═════ INPUT FOR THIS TASK
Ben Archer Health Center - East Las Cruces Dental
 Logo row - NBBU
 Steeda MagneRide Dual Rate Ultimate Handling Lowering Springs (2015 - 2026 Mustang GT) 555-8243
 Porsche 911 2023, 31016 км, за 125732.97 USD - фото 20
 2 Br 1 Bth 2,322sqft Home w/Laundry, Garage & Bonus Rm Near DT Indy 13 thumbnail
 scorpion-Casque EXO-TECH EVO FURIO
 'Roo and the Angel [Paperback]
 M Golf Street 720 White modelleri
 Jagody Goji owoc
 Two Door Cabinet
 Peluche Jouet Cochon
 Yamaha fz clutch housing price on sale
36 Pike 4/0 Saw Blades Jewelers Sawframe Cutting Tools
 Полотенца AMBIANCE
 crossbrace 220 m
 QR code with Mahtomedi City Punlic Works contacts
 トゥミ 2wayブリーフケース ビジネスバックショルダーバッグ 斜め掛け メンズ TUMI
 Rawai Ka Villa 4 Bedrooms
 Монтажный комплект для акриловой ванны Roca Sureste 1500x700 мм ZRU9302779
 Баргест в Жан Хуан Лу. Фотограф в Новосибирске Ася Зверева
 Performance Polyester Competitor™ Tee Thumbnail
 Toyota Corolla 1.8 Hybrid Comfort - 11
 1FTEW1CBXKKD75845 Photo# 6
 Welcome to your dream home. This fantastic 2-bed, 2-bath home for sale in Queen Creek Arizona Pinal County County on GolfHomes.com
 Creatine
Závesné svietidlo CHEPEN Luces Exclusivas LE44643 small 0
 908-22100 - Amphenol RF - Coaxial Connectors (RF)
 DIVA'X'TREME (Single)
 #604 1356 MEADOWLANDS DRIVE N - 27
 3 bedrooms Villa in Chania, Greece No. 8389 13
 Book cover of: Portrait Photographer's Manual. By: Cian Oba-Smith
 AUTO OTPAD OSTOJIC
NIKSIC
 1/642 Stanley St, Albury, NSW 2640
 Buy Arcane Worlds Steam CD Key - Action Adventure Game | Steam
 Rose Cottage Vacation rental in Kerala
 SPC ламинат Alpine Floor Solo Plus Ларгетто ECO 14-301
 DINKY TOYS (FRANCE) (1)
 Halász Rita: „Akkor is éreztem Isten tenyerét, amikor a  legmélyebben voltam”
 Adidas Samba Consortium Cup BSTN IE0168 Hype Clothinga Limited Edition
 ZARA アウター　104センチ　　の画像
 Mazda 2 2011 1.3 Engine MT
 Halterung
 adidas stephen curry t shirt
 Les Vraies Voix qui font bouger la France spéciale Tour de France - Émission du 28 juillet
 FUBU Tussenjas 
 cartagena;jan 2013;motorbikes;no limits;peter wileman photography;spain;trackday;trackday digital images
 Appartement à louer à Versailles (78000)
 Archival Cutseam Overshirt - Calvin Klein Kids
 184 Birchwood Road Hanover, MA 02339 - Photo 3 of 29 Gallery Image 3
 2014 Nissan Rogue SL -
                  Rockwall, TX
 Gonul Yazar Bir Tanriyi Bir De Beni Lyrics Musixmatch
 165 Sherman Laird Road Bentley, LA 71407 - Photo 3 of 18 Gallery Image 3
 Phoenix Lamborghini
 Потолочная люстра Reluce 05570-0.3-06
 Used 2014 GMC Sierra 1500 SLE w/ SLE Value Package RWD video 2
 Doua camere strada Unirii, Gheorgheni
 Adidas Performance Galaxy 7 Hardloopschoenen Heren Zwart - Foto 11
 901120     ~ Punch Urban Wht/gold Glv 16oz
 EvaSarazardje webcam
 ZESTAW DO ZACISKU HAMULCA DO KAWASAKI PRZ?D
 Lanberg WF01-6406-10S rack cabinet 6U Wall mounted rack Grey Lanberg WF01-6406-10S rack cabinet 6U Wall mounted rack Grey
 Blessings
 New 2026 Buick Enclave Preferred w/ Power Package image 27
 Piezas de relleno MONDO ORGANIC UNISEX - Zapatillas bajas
══════════
TASK: Above are the entries. Output exactly the lines beginning with the line that has "Yamaha fz clutch housing price on sale" and ending with the line that has "Rawai Ka Villa 4 Bedrooms".

RESPONSE TO THE TASK:
 Yamaha fz clutch housing price on sale
36 Pike 4/0 Saw Blades Jewelers Sawframe Cutting Tools
 Полотенца AMBIANCE
 crossbrace 220 m
 QR code with Mahtomedi City Punlic Works contacts
 トゥミ 2wayブリーフケース ビジネスバックショルダーバッグ 斜め掛け メンズ TUMI
 Rawai Ka Villa 4 Bedrooms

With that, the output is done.